Because it doesn't. Since you talk more about veth, let's pick it
as an example. The TX is nothing more than add to the CPU backlog,
right? That is netns agnostic. The same for processing that queue
which will push the skb anyways and will call skb_orphan().

How can one netns avoid/delay the skb_orphan()? And even if does
that, what gain will you have to allow queuing of more and more
packets in the CPU backlog? It is stalled.

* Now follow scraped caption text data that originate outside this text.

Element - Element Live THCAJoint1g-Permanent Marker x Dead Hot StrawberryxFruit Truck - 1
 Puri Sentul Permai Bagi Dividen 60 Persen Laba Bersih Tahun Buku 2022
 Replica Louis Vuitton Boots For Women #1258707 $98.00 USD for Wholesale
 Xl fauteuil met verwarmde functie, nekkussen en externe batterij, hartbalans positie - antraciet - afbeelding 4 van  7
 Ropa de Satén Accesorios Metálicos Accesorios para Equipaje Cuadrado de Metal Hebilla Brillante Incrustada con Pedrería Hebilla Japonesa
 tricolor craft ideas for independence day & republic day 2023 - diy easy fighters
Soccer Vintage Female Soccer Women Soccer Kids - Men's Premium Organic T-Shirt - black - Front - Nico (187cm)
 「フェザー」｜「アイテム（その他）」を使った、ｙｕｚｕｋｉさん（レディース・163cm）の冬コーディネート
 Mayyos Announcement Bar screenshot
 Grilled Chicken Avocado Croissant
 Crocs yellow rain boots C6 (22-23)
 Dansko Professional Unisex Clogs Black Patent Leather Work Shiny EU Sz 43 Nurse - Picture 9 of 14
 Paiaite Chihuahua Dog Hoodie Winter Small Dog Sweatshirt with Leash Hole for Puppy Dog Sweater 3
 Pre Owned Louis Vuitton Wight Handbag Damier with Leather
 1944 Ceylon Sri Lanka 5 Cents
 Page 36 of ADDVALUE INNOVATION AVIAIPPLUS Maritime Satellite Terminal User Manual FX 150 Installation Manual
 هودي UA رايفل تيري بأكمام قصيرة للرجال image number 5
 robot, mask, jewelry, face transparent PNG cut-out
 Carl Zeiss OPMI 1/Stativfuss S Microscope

> > diff --git a/Documentation/networking/ip-sysctl.txt b/Documentation/networking/ip-sysctl.txt
> > index ce8fbf5aa63c..f4c042be0216 100644
> > --- a/Documentation/networking/ip-sysctl.txt
> > +++ b/Documentation/networking/ip-sysctl.txt
> > @@ -733,11 +733,11 @@ tcp_limit_output_bytes - INTEGER
> >         Controls TCP Small Queue limit per tcp socket.
> >         TCP bulk sender tends to increase packets in flight until it
> >         gets losses notifications. With SNDBUF autotuning, this can
> > -       result in a large amount of packets queued in qdisc/device
> > -       on the local machine, hurting latency of other flows, for
> > -       typical pfifo_fast qdiscs.
> > -       tcp_limit_output_bytes limits the number of bytes on qdisc
> > -       or device to reduce artificial RTT/cwnd and reduce bufferbloat.
> > +       result in a large amount of packets queued on the local machine
> > +       (e.g.: qdiscs, CPU backlog, or device) hurting latency of other
> 
> 
> Apparently CPU backlog never happens when leaving the host.
Cong Wang June 28, 2018, 9:51 p.m. UTC | #23
On Wed, Jun 27, 2018 at 1:19 PM Flavio Leitner <fbl@redhat.com> wrote:
>
> On Wed, Jun 27, 2018 at 12:06:16PM -0700, Cong Wang wrote:
> > On Wed, Jun 27, 2018 at 5:32 AM Flavio Leitner <fbl@redhat.com> wrote:
> > >
> > > On Tue, Jun 26, 2018 at 06:28:27PM -0700, Cong Wang wrote:
> > > > On Tue, Jun 26, 2018 at 5:39 PM Flavio Leitner <fbl@redhat.com> wrote:
> > > > >
> > > > > On Tue, Jun 26, 2018 at 05:29:51PM -0700, Cong Wang wrote:
> > > > > > On Tue, Jun 26, 2018 at 4:33 PM Flavio Leitner <fbl@redhat.com> wrote:
> > > > > > >
> > > > > > > It is still isolated, the sk carries the netns info and it is
> > > > > > > orphaned when it re-enters the stack.
> > > > > >
> > > > > > Then what difference does your patch make?
> > > > >
> > > > > Don't forget it is fixing two issues.
> > > >
> > > > Sure. I am only talking about TSQ from the very beginning.
> > > > Let me rephrase my above question:
> > > > What difference does your patch make to TSQ?
> > >
> > > It avoids burstiness.
> >
> > Never even mentioned in changelog or in your patch. :-/
>
> It's part of queueing and helping the bufferbloat problem in the
> commit message.

Please don't add all queues in this scope. Are you really
going to put all queues in networking into your "bufferbloat" claim?
Seriously? Please get it defined, seriously. You really need to
read into the other reply from me, none of you or David even
seriously finish reading it.


>
> > > > > > Before your patch:
> > > > > > veth orphans skb in its xmit
> > > > > >
> > > > > > After your patch:
> > > > > > RX orphans it when re-entering stack (as you claimed, I don't know)
> > > > >
> > > > > ip_rcv, and equivalents.
> > > >
> > > > ip_rcv() is L3, we enter a stack from L1. So your above claim is incorrect. :)
> > >
> > > Maybe you found a problem, could you please point me to where in
> > > between L1 to L3 the socket is relevant?
> >
> > Of course, ingress qdisc is in L2. Do I need to say more? This
> > is where we can re-route the packets, for example, redirecting it to
> > yet another netns. This is in fact what we use in production, not anything
> > that only in my imagination.
> >
> > You really have to think about why you allow a different netns influence
> > another netns by holding the skb to throttle the source TCP socket.
>
> Maybe I wasn't clear and you didn't understand the question. Please find
> a spot where the preserved socket is used incorrectly.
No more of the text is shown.